Through this, Cabigting made a commentary on artworks that were put in storage, moving through freeports, without taxes, ultimately disappearing from public view. “After the show, it disappears into the boxes or homes of collectors,” she says. “And us, the public, will never see it again.”
Most recently, her 2025 exhibition “Five Formed From Two” followed a new method of inquiry. Cabigting painted sides of a wooden block, thickly layered with pigment, blurring the line between painting and sculpture.
“It’s the same object, but perspective-wise it also changes. We have a different perspective on the same object. We all have our own prejudices. So that’s why I made three versions of the same object.”

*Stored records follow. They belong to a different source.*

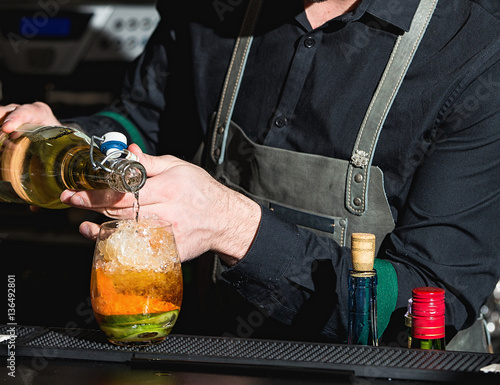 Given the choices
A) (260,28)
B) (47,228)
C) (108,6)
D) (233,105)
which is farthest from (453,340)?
(108,6)

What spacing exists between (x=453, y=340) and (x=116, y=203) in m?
0.80

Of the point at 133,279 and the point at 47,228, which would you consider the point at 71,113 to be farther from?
the point at 133,279

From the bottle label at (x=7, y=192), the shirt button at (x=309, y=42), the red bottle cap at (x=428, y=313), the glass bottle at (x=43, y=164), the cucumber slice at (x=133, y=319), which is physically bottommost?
the bottle label at (x=7, y=192)

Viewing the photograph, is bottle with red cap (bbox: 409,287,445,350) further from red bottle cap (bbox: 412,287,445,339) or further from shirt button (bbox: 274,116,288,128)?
shirt button (bbox: 274,116,288,128)

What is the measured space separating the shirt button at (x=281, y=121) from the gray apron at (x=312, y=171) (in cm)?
6

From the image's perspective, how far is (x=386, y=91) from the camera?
1.38 meters

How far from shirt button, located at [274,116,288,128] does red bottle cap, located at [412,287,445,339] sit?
63 cm

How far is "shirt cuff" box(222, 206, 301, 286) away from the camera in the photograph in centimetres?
121

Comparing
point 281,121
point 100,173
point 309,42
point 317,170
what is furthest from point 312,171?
point 100,173

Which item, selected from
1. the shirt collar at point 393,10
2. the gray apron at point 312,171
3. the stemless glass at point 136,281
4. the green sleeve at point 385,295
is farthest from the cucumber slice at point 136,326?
the shirt collar at point 393,10

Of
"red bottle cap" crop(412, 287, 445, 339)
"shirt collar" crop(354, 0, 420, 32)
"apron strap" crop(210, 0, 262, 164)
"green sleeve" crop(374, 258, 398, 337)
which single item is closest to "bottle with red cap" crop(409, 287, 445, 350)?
"red bottle cap" crop(412, 287, 445, 339)

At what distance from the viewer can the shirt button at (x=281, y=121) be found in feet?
4.97

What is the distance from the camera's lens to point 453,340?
4.77 ft

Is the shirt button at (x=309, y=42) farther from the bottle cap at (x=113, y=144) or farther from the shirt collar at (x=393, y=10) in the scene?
the bottle cap at (x=113, y=144) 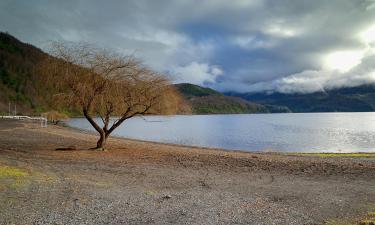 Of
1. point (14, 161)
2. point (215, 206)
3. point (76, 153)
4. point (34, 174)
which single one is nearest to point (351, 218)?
point (215, 206)

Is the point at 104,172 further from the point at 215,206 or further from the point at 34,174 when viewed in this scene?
the point at 215,206

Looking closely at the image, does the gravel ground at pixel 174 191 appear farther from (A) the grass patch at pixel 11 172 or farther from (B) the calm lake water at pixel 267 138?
(B) the calm lake water at pixel 267 138

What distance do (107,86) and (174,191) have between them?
14.3 m

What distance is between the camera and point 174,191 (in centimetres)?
1627

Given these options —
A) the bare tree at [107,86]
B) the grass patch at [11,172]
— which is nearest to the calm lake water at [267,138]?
the bare tree at [107,86]

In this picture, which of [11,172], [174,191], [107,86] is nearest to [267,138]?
[107,86]

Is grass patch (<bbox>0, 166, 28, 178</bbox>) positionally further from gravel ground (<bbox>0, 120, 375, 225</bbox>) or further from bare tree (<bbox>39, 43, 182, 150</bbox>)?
bare tree (<bbox>39, 43, 182, 150</bbox>)

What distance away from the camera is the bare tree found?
90.9 feet

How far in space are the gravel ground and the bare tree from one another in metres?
4.61

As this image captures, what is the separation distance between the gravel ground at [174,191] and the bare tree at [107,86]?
15.1 ft

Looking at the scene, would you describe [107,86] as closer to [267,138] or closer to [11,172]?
[11,172]

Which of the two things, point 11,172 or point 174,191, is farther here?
point 11,172

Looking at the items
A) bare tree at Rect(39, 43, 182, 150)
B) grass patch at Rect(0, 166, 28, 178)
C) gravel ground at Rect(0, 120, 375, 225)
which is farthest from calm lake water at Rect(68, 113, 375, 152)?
grass patch at Rect(0, 166, 28, 178)

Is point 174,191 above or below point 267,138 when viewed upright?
below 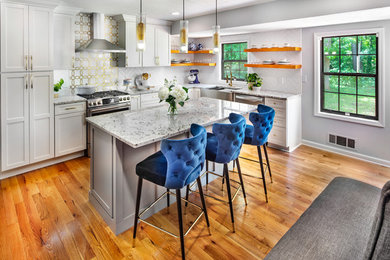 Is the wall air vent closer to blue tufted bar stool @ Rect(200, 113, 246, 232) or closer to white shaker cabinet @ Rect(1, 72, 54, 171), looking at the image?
blue tufted bar stool @ Rect(200, 113, 246, 232)

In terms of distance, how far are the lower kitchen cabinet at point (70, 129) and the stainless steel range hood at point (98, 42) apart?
102 cm

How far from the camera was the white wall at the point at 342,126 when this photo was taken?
3.87 metres

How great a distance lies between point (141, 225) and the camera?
2480 mm

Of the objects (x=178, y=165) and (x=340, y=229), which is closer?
(x=340, y=229)

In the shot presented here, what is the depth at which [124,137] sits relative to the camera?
207cm

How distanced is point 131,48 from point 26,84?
2185mm

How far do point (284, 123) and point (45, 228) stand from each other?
3868 mm

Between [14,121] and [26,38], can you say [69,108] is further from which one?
[26,38]

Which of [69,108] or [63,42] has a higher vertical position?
[63,42]

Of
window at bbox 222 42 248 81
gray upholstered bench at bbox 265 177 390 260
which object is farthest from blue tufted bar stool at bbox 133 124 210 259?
window at bbox 222 42 248 81

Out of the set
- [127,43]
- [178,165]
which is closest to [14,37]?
[127,43]

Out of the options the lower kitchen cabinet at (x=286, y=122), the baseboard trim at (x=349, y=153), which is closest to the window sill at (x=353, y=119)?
the lower kitchen cabinet at (x=286, y=122)

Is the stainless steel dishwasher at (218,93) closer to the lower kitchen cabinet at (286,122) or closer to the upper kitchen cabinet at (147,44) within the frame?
the lower kitchen cabinet at (286,122)

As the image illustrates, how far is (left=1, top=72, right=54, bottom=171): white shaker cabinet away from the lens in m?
3.45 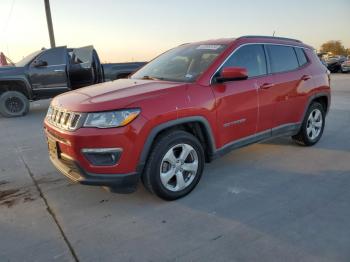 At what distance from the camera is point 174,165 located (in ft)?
11.7

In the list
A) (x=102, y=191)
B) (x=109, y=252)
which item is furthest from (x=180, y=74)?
(x=109, y=252)

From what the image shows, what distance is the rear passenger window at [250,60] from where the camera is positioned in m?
4.13

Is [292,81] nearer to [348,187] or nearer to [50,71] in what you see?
[348,187]

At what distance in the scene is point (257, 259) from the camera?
2.61 m

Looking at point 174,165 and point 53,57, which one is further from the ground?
point 53,57

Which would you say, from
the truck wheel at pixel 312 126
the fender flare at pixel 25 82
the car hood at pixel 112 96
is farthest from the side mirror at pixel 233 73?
the fender flare at pixel 25 82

How we see things is all informed by our subjective experience. Be it because of our age, gender, nationality, class, or personal histories, our gazes are never neutral, but shaped by who we are. Cabigting’s practice maps this spectrum.
Stillness and multiplicity
In Cabigting’s exhibitions, figures stand before masterpieces, caught mid-gaze. As you stand in front of one of these paintings in real life, you might ask yourself: Is Cabigting’s work a masterpiece in itself as well?
From 2023 to 2024, she exhibited “When We Look at Art” at the Metropolitan Museum of Manila, documenting the decades of her practice thus far. And more recently, she exhibited a piece at ALT Art 2026 last February, creating a painting of two women studying a small painting by Matisse.
With more works in progress in the year to come, Cabigting continues to create layered conversations in her work, from discussions on value, labor, and access to imagination and the politics of seeing.
For Women’s Month, Cabigting shows a person who is expansive, not reducible to a single dimension or role as an artist. She is disciplined and playful, analytical and intuitive, conceptual and domestic, an archer and a gamer, meticulous and mischievous.
Through all this, Cabigting exemplifies how perspective is plural, both in art and life itself.